Aim of the exercise - Beginning with the line where "Bella Stretch Straight Jeans" occurs, set down each line of the records through the final one, exactly and without additions.

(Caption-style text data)
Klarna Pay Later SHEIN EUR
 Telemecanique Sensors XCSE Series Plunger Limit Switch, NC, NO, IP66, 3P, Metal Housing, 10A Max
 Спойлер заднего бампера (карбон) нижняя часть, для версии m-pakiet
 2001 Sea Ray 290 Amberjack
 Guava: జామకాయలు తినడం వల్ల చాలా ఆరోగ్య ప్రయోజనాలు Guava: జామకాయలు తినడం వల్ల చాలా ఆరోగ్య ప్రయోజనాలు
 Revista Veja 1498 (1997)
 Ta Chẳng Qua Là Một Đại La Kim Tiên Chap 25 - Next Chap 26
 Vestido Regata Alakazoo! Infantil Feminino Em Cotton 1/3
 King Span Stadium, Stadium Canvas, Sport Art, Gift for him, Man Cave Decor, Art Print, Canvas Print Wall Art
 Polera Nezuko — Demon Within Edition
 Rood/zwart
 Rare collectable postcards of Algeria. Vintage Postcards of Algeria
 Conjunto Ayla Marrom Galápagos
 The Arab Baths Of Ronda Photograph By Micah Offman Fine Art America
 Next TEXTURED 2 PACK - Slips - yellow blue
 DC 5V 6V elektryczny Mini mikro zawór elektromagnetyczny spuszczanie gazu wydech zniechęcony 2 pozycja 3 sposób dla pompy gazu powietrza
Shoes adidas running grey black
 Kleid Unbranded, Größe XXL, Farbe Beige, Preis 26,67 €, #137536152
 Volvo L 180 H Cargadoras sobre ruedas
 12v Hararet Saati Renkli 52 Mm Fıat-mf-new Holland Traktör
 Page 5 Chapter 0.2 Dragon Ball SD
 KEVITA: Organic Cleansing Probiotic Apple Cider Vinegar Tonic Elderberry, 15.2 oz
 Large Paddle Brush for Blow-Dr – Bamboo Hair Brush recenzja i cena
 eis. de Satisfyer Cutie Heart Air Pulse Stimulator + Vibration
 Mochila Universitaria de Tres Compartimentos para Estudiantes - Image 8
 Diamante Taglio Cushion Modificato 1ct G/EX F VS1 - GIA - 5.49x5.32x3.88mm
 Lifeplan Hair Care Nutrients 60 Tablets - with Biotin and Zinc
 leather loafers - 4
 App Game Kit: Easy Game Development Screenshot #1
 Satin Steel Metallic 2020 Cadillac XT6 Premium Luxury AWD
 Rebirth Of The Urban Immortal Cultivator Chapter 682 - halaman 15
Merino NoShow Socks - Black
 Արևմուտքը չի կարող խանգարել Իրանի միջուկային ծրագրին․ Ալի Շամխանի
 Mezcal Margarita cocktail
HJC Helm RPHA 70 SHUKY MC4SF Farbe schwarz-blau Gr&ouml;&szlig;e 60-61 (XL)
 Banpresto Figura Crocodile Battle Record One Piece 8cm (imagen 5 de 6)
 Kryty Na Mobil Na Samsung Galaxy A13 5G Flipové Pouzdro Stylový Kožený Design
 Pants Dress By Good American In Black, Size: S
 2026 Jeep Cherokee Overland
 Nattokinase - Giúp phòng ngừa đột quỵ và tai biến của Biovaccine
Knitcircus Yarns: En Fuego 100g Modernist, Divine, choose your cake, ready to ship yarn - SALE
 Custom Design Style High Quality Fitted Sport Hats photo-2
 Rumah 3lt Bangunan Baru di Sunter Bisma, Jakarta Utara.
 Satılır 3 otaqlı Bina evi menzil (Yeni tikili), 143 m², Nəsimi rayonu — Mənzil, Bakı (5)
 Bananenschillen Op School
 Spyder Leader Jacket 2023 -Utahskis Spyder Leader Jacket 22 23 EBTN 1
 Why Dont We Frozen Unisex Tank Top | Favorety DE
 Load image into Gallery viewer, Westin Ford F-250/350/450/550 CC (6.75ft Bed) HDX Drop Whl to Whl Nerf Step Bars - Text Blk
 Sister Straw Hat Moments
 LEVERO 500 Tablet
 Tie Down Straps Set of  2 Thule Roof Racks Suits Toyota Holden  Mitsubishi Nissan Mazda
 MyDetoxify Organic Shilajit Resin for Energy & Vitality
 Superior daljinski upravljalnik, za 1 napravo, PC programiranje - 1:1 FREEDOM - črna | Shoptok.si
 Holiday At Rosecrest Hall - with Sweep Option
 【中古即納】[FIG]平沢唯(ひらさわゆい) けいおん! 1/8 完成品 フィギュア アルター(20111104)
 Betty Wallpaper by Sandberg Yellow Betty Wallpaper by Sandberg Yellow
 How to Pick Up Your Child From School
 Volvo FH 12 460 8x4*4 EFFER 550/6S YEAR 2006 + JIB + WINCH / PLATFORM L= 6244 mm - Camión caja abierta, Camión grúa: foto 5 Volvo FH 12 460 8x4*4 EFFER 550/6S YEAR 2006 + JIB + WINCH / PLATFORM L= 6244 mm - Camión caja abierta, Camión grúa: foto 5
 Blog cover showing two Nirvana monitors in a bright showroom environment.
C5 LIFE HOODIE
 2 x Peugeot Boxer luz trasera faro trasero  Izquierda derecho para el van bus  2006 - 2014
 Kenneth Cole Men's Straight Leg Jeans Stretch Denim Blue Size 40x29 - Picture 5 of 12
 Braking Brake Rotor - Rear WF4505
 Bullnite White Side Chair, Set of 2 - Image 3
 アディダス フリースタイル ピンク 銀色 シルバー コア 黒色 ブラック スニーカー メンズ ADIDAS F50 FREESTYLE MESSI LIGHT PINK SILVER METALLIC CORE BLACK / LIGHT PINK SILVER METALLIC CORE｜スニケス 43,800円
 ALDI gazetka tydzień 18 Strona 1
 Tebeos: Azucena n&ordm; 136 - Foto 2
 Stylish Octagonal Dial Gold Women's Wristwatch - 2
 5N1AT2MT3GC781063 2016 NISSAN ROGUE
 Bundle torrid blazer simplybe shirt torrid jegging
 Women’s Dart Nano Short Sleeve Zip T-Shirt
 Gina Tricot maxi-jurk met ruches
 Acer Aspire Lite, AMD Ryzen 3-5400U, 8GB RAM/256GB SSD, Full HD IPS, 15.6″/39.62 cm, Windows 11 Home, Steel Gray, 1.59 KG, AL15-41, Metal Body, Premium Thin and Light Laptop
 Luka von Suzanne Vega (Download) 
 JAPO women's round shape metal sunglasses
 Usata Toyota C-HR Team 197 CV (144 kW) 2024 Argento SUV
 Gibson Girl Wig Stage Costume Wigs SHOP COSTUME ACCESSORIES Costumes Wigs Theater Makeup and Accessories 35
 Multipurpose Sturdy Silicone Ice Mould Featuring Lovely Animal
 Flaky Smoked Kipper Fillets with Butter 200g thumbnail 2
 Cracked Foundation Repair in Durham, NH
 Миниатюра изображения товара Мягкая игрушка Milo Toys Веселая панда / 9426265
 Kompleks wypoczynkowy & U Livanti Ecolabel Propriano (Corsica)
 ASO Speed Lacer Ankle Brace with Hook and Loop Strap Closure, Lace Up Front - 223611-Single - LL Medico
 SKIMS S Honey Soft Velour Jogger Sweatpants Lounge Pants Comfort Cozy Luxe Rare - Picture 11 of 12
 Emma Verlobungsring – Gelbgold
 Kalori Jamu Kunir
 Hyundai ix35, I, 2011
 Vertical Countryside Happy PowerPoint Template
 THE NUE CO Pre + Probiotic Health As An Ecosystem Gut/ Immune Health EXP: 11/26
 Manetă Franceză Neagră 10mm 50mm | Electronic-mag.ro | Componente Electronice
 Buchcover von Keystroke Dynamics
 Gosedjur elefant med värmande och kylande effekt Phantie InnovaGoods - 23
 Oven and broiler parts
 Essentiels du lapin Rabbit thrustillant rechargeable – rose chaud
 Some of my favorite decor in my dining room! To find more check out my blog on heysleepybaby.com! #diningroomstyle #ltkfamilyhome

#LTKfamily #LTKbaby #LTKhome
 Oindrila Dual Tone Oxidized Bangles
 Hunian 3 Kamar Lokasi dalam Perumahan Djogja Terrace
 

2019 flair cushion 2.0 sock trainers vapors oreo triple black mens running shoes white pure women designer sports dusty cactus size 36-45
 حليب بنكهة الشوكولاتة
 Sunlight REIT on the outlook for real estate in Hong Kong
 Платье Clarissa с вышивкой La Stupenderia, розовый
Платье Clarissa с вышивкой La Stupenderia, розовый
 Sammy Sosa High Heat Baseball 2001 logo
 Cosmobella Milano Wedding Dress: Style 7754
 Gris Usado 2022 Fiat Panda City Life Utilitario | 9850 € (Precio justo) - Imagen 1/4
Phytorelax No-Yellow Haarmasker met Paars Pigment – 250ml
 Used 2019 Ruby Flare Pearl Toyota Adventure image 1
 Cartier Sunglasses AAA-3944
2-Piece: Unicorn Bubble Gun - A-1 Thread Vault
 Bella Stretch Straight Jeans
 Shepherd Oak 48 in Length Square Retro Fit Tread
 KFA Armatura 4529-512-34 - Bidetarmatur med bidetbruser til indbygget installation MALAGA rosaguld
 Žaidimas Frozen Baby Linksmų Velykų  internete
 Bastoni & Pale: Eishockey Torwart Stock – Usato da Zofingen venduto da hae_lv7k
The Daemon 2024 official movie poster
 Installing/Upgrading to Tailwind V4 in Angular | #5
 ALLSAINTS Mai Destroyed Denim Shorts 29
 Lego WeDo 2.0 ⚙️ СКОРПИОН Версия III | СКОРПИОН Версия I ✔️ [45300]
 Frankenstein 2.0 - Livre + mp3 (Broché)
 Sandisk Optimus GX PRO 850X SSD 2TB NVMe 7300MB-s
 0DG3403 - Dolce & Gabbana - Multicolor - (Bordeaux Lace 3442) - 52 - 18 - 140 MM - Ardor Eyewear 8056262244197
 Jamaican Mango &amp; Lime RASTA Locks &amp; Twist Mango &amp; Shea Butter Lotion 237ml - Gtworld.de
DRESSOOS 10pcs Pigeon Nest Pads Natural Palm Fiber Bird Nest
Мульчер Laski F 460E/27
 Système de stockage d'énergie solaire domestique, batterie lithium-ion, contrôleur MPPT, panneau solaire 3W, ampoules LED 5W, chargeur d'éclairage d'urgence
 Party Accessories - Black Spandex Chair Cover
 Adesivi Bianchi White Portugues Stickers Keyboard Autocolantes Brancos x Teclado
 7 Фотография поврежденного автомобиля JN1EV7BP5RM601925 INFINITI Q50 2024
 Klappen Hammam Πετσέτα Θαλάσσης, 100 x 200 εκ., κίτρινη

Solution to this exercise -
 Bella Stretch Straight Jeans
 Shepherd Oak 48 in Length Square Retro Fit Tread
 KFA Armatura 4529-512-34 - Bidetarmatur med bidetbruser til indbygget installation MALAGA rosaguld
 Žaidimas Frozen Baby Linksmų Velykų  internete
 Bastoni & Pale: Eishockey Torwart Stock – Usato da Zofingen venduto da hae_lv7k
The Daemon 2024 official movie poster
 Installing/Upgrading to Tailwind V4 in Angular | #5
 ALLSAINTS Mai Destroyed Denim Shorts 29
 Lego WeDo 2.0 ⚙️ СКОРПИОН Версия III | СКОРПИОН Версия I ✔️ [45300]
 Frankenstein 2.0 - Livre + mp3 (Broché)
 Sandisk Optimus GX PRO 850X SSD 2TB NVMe 7300MB-s
 0DG3403 - Dolce & Gabbana - Multicolor - (Bordeaux Lace 3442) - 52 - 18 - 140 MM - Ardor Eyewear 8056262244197
 Jamaican Mango &amp; Lime RASTA Locks &amp; Twist Mango &amp; Shea Butter Lotion 237ml - Gtworld.de
DRESSOOS 10pcs Pigeon Nest Pads Natural Palm Fiber Bird Nest
Мульчер Laski F 460E/27
 Système de stockage d'énergie solaire domestique, batterie lithium-ion, contrôleur MPPT, panneau solaire 3W, ampoules LED 5W, chargeur d'éclairage d'urgence
 Party Accessories - Black Spandex Chair Cover
 Adesivi Bianchi White Portugues Stickers Keyboard Autocolantes Brancos x Teclado
 7 Фотография поврежденного автомобиля JN1EV7BP5RM601925 INFINITI Q50 2024
 Klappen Hammam Πετσέτα Θαλάσσης, 100 x 200 εκ., κίτρινη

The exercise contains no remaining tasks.